Metin: Ben ne Kültür Bakanlığı, ne de bu tip başka bir kurumla kendimi ilişkilendirebilirim çünkü bu tip konularda ne bilgim, ne de fikrim var. İnsanlar yapmakta başarılı oldukları ve sevdikleri işi yapsınlar diye naçizane bir tavsiyede bulunabilirim.
- 1992 tarihli Trail Blazer albümünden iki şarkı seçilmiş bu albüme. Bunlardan biri, No One Wins the Fight. O dönem hem tartışma yaratan hem de ilgi çeken, bu şarkıdaki Mehter Marşı solosuydu. Bu şarkı için metal müzik içerisinde yerel motiflerin kullanıldığı ilk Pentagram şarkısıydı diyebilir miyiz? Bu solo kimin aklına geldi, o dönem nasıl tepkilerle karşılaştınız ayrıca Akustik albümünde neden Mehter Marşı solosu kullanılmadı?
Hakan: Türk ezgileri ya da etnik Orta Doğu tınıları sokuşturma fikirleri genelde benden çıkar. Thousand In The Eastland'in girişi gibi, misket havasının metal versiyonu gibi, ya da bazı şarkılarda birden darbukalar veya etnik bir melodi girerse gibi. Trail Blazer albümü Körfez Savaşı döneminde yapıldı. No One Wins The Fight, savaşan iki tarafın da kaybettikleriyle ilgili bir şarkı. Kazananın da aslında kaybettiğini vurgulayan bu şarkının finalini ironik olarak Mehter Marşı ile bitirmiştik. Sonradan İzmir marşı oldu o bölüm.

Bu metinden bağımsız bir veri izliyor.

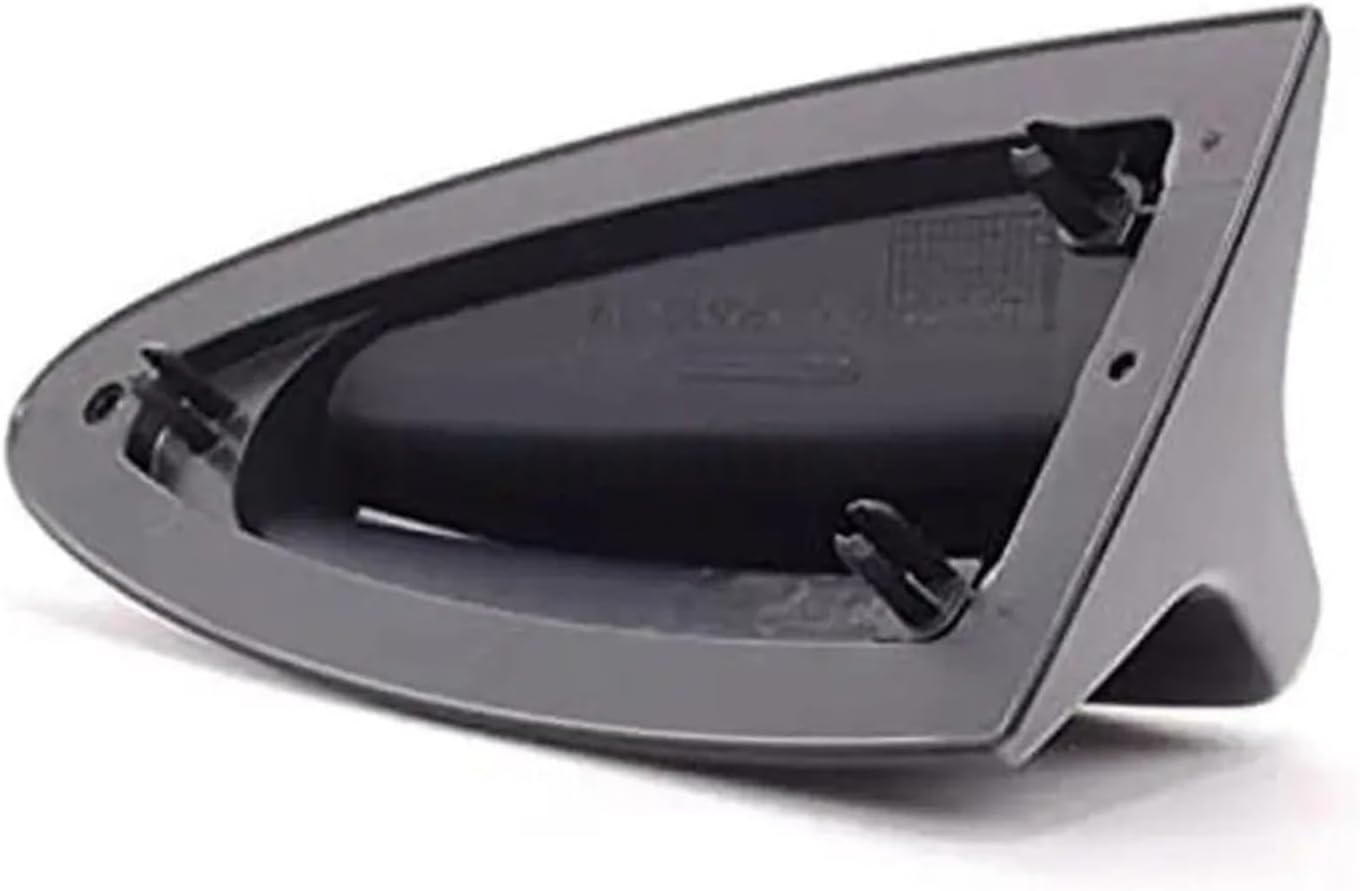 N80F Universal Shark Fin Antenna Cover Compatible for 218i Car Roof Sporty Design Plastic Trim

- Trail Blazer albümünde Fly Forever şarkısını Doğu’da görev yaparken şehit düşen Ümit Yılbar’a adadığınızı belirtmiştiniz. Albüm kitapçığında şöyle yazıyor: "Sevgili gitaristimiz Ümit Yılbar’ı kaybettik, bu amaçsız ve anlamsız savaşta. Gitarını çalıp yerine silah vermişlerdi. Her zaman kalbimizde yaşayacak, onu her zaman özleyeceğiz"
Bu 'savaş' hakkında ne söylemek istersiniz? O günlerden bugünlere ne değişti?
Hakan: Değişim konusunda cevap çok açık değil mi?
Tarkan: Bu konu yıllardır gündemde ve her şey söylendi. Bizim kuşak müzisyenler de şarkısını yazdı.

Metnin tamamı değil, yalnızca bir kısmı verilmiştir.